- **PROMPT**:
Starting with the line that holds "New Works Sofaborde<Atlas", reproduce each line through the last one of the data, exactly as written. Pictures are not copied.
*** Opening DATA BLOCK ***
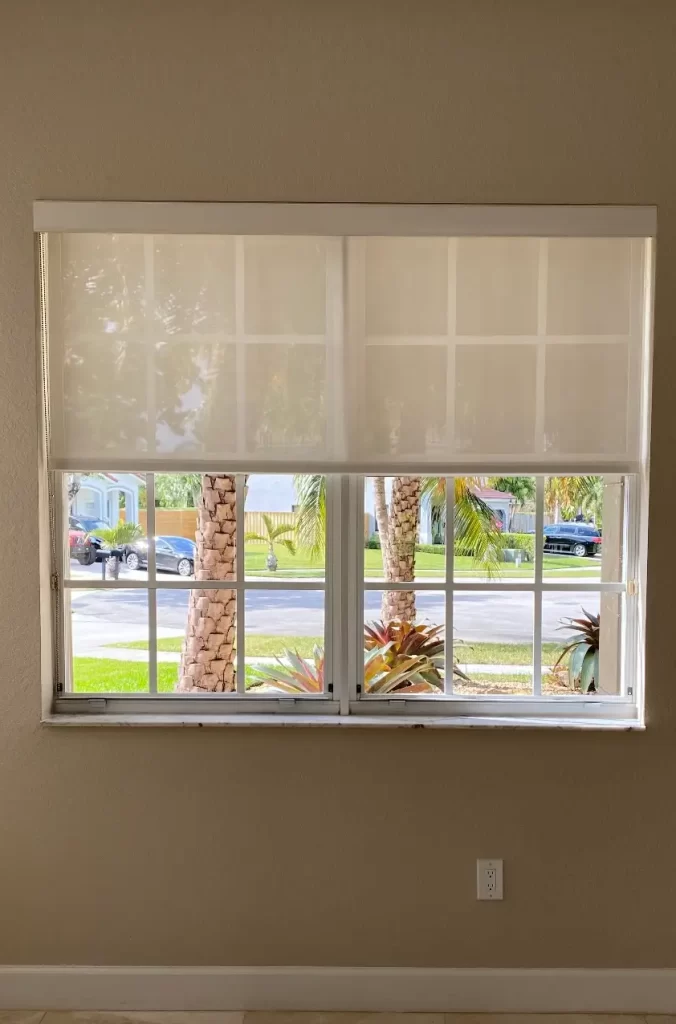 Horizontal Shades In Miami by Miami Best Blinds
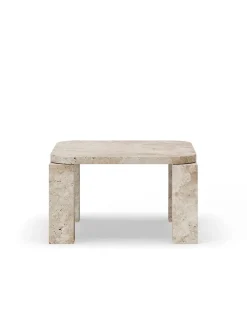 New Works Sofaborde<Atlas Sofabord 600x600, Natural Oak fra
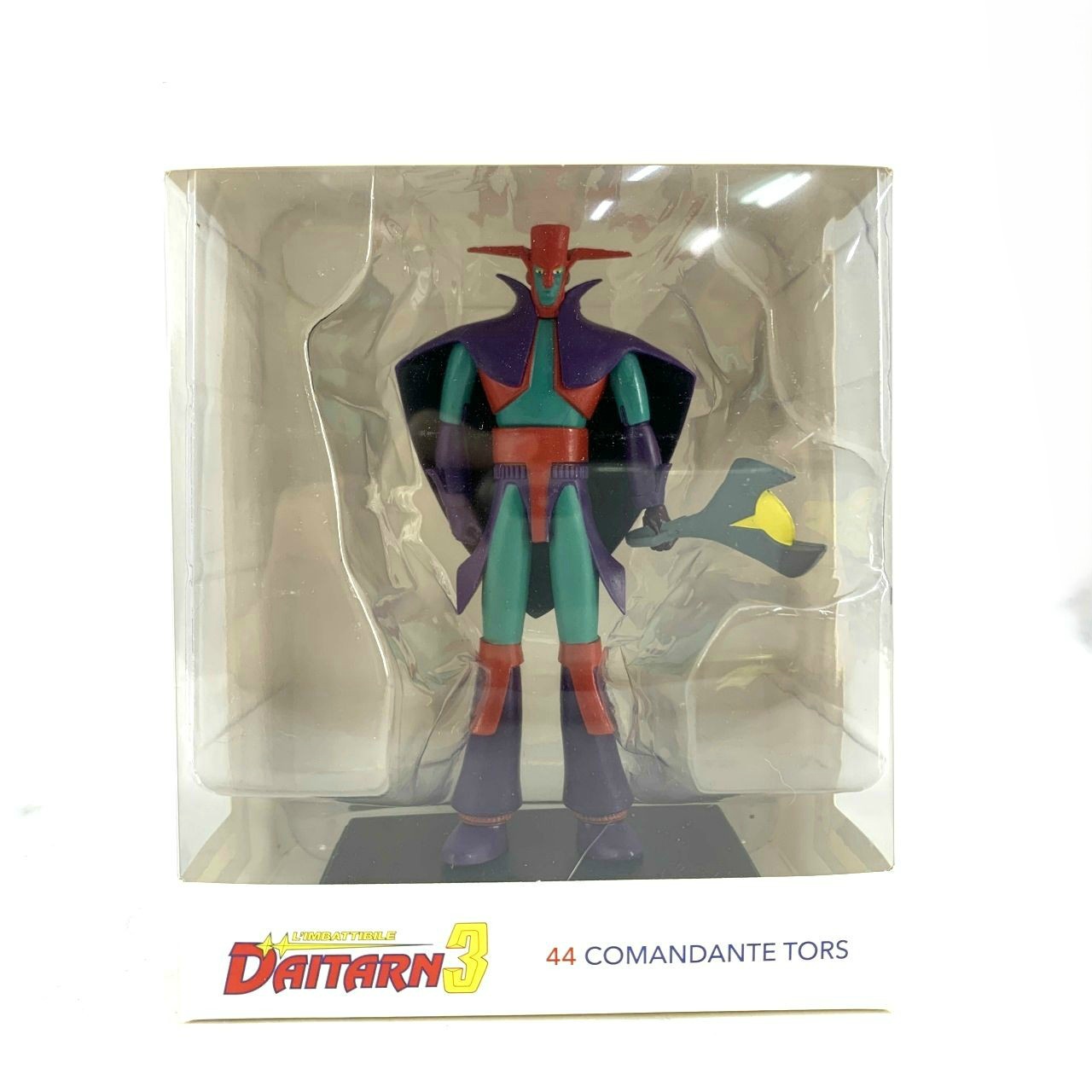 Daitarn 3 3D Collection 02 Daitarn 3 ) Comandante Tors (Megaborg Trays)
*** Closing DATA BLOCK ***
- **SOLUTION BELOW**:
 New Works Sofaborde<Atlas Sofabord 600x600, Natural Oak fra
 Daitarn 3 3D Collection 02 Daitarn 3 ) Comandante Tors (Megaborg Trays)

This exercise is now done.